6. Analyze performance with other advanced features¶
To profile memory,
profile_memory must be set to
True in arguments of
You can try it by using existing example on Azure
pip install azure-storage-blob tensorboard --logdir=https://torchtbprofiler.blob.core.windows.net/torchtbprofiler/demo/memory_demo_1_10
The profiler records all memory allocation/release events and allocator’s internal state during profiling. The memory view consists of three components as shown in the following.
The components are memory curve graph, memory events table and memory statistics table, from top to bottom, respectively.
The memory type could be selected in “Device” selection box. For example, “GPU0” means the following table only shows each operator’s memory usage on GPU 0, not including CPU or other GPUs.
The memory curve shows the trends of memory consumption. The “Allocated” curve shows the total memory that is actually in use, e.g., tensors. In PyTorch, caching mechanism is employed in CUDA allocator and some other allocators. The “Reserved” curve shows the total memory that is reserved by the allocator. You can left click and drag on the graph to select events in the desired range:
After selection, the three components will be updated for the restricted time range, so that you can gain more information about it. By repeating this process, you can zoom into a very fine-grained detail. Right click on the graph will reset the graph to the initial state.
In the memory events table, the allocation and release events are paired into one entry. The “operator” column shows
the immediate ATen operator that is causing the allocation. Notice that in PyTorch, ATen operators commonly use
aten::empty to allocate memory. For example,
aten::ones is implemented as
aten::empty followed by an
aten::fill_. Solely display the opeartor name as
aten::empty is of little help. It will be shown as
aten::ones (aten::empty) in this special case. The “Allocation Time”, “Release Time” and “Duration”
columns’ data might be missing if the event occurs outside of the time range.
In the memory statistics table, the “Size Increase” column sums up all allocation size and minus all the memory release size, that is, the net increase of memory usage after this operator. The “Self Size Increase” column is similar to “Size Increase”, but it does not count children operators’ allocation. With regards to ATen operators’ implementation detail, some operators might call other operators, so memory allocations can happen at any level of the call stack. That says, “Self Size Increase” only count the memory usage increase at current level of call stack. Finally, the “Allocation Size” column sums up all allocation without considering the memory release.

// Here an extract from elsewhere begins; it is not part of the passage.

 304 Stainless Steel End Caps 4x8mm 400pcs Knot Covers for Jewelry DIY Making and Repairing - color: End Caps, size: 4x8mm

The plugin now supports distributed view on profiling DDP with NCCL/GLOO as backend.
You can try it by using existing example on Azure:
pip install azure-storage-blob tensorboard --logdir=https://torchtbprofiler.blob.core.windows.net/torchtbprofiler/demo/distributed_bert
The “Computation/Communication Overview” shows computation/communication ratio and their overlapping degree. From this view, User can figure out load balance issue among workers. For example, if the computation + overlapping time of one worker is much larger than others, there may be a problem of load balance or this worker may be a straggler.
The “Synchronizing/Communication Overview” shows the efficiency of communication. “Data Transfer Time” is the time for actual data exchanging. “Synchronizing Time” is the time for waiting and synchronizing with other workers.
If one worker’s “Synchronizing Time” is much shorter than that of other workers’, this worker may be a straggler which may have more computation workload than other workers’.
The “Communication Operations Stats” summarizes the detailed statistics of all communication ops in each worker.